# Introduction

This is our implementation of resnet inspired model on raw wave dataset(time domain) dataset. Here one can just hit run all and results will be generated in 2 csv files as inteded. The weights and models will be also saved for reproducibility. Thus this notebook can be used to train custom version of our model and experiment further.

# 0. Setup

At first we are importing and setting up all the libraries to implement this solution.
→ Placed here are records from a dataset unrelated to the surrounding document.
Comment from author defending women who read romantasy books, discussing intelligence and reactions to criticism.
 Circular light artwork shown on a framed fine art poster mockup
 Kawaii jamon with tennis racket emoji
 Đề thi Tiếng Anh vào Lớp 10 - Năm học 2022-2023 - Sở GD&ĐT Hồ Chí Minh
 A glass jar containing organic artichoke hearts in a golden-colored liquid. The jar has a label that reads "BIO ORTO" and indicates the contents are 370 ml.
If some of the files are not installed in your device, please refer to the readme file for installation direction

## utility libraries


In [1]:
!pip install -r "requirement (1).txt"



In [2]:
import os
import pathlib
from IPython import display
from pathlib import Path
from IPython.display import Audio
import matplotlib.pyplot as plt

# data handling libraries
import numpy as np
import librosa
import librosa.display
import pandas as pd
from sklearn.model_selection import train_test_split

# ML and DL Libraries
import tensorflow as tf
import tensorflow.keras as keras
from sklearn.model_selection import KFold


## declaring hyperparameters


In [3]:
seed = 42
SR = 16000 #sampling rate of each audio file
BATCH_SIZE = 1
AUD_LENGTH = 10# we are taking 10s audio for each sample to have an uniform dataset
TRAIN_TEST_SPLIT = 0.3

## all file paths


In [4]:
# insert needed paths here

# this is the known and unknown dataset path
DATASET_AUDIO_PATH = 'classwise_dataset/'

# this is the random extra data addition folders
ASVSPOOF_DATA_PATH  = 'external files/asvspoof'
LIBRISPEECH_DATA_PATH = 'external files\librispeech'

# this is the evaluation folder for phase 1 and 2
EVAL_PATH_1 = 'spcup_2022_eval_part1'
EVAL_PATH_2 = 'spcup_2022_eval_part1'

### saving paths
CSV_DIR = './'
MODEL_SAVE_DIR = './'
WEIGHT_SAVE_DIR = './'

# 1. Generating Dataset

In [5]:
# getting audio dataset path to divide into 3 datasets and also for making tf datasets later

class_names = os.listdir(DATASET_AUDIO_PATH)
print("Our class names: {}".format(class_names,))

audio_paths = []
labels = []
for label, name in enumerate(class_names):
    label = int(name)
    print("Processing speaker {}".format(name,))
    print("Actual Label ",label)
    dir_path = Path(DATASET_AUDIO_PATH) / name
    speaker_sample_paths = [
        os.path.join(dir_path, filepath)
        for filepath in os.listdir(dir_path)
        if filepath.endswith(".wav")
    ]
    audio_paths += speaker_sample_paths
    labels += [label] * len(speaker_sample_paths)

print(
    "Found {} files belonging to {} classes.".format(len(audio_paths), len(class_names))
)

Our class names: ['0', '1', '2', '3', '4', '5']
Processing speaker 0
Actual Label  0
Processing speaker 1
Actual Label  1
Processing speaker 2
Actual Label  2
Processing speaker 3
Actual Label  3
Processing speaker 4
Actual Label  4
Processing speaker 5
Actual Label  5
Found 6000 files belonging to 6 classes.


Now as our extra data addition is done, we are splitting the dataset into train and validation dataset

In [6]:
X_train, X_val, y_train, y_val = train_test_split(audio_paths, labels, test_size=TRAIN_TEST_SPLIT, random_state=seed)

In [7]:
#checking if the size is alright
print("Samples in train dataset: ",len(X_train))
print("Samples in validation dataset:",len(X_val))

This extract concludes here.